Bibliographical records of music prints often include approximate dates supplied by cataloguers, based on information derived from a variety of methods (some detailed below). The British Library's main catalogue, Explore the British Library, and the catalogue of the National Library of Ireland are especially useful for British prints. UK and Irish academic, national and specialist library catalogues are amalgamated in Library Hub Discover (previously COPAC), which also includes records from UK National Trust libraries.
Other national library catalogues have holdings of British music, as well as supplying information about foreign prints that may appear in UK historic house collections. Many have interfaces in English as well as their principal language. Some especially useful catalogues include:
Karlsruhe Virtual Catalogue Union catalogue of German, Austrian and Swiss libraries, with coverage of book traders' listings and other national union catalogues around the world
Bibliothèque Nationale de France French national library, with links to the Catalogue Collectif de France (union catalogue) and a vast number of digitised documents in its Gallica collection
Trove National Library of Australia portal including online resources as well as library records
Library of Congress Includes many early British imprints as well as music published in the USA
Another source of dates, as well as general information about musical sources, is RISM (Répertoire International des Sources Musicales) an international inventory of written musical sources. Not all of its records are yet online (some are still available only in print) but conversion is ongoing and new records are regularly added. Unlike many music research tools, this database is free without subscription.

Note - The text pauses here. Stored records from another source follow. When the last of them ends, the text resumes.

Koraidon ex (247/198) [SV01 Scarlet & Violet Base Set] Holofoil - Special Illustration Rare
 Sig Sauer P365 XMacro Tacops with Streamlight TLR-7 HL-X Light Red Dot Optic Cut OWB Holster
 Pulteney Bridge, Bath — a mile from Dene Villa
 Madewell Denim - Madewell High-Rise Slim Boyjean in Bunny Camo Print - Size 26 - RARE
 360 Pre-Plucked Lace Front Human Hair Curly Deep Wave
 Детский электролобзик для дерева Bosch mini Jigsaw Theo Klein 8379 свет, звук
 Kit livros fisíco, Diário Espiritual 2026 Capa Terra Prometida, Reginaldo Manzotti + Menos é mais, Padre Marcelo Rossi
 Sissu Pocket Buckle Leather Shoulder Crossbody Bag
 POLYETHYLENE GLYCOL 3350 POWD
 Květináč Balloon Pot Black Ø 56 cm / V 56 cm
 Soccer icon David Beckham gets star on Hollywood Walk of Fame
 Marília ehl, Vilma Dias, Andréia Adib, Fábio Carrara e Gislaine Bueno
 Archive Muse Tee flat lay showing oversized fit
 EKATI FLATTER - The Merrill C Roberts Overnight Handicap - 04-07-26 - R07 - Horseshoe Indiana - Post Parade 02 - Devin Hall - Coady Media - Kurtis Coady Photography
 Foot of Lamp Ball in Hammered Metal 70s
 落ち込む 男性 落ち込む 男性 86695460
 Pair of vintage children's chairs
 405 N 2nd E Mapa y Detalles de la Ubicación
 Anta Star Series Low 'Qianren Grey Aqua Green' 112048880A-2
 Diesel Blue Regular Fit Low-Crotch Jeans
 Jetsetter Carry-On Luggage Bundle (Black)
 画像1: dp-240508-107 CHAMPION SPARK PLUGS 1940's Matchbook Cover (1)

If no dates are available in library catalogues, approximate dates for printed music can sometimes be found by checking the publisher address supplied on the title page against databases that record date ranges when the addresses were current. The British Book Trade Index furnishes information on producers of English and Welsh prints; Scottish printers and publishers are listed in the Scottish Book Trade Index. Both include information about music publishers within databases devoted to the wider book trade.
Sources providing information and publisher address dates specifically on the music trade include the book by Charles Humphries and William C. Smith, Music Publishing in the British Isles from the Beginning until the Middle of the Nineteenth Century (2nd ed., Oxford: Blackwell, 1970), which lists music sellers, printers and publishers for Britain and Ireland; and the online Dublin Music Trade database, which can help with dating music prints from Ireland.
After the Copyright Act of 1709, music prints were often (though not always) entered at Stationers' Hall. Michael Kassler, Music Entries at Stationers' Hall, 1710-1818 (Aldershot: Ashgate, 2004) is an index that can help with dating 18th-century prints.
For later music prints where plate numbers appear (usually centered at the bottom of the page), dates can be found by checking O.W. Neighbour and Alan Tyson, English Music Publishers' Plate Numbers in the First Half of the Nineteenth Century (London: Faber & Faber, 1965).
Music prints and bindings can sometimes be dated (approximately) by checking watermarks; a date or a symbol may be linked to a papermaker active at a particular time. To use this method to date bindings, check any watermarks on the front or back flyleaves of the volume. For further information and resources on watermarks see the pages of the British Association of Paper Historians.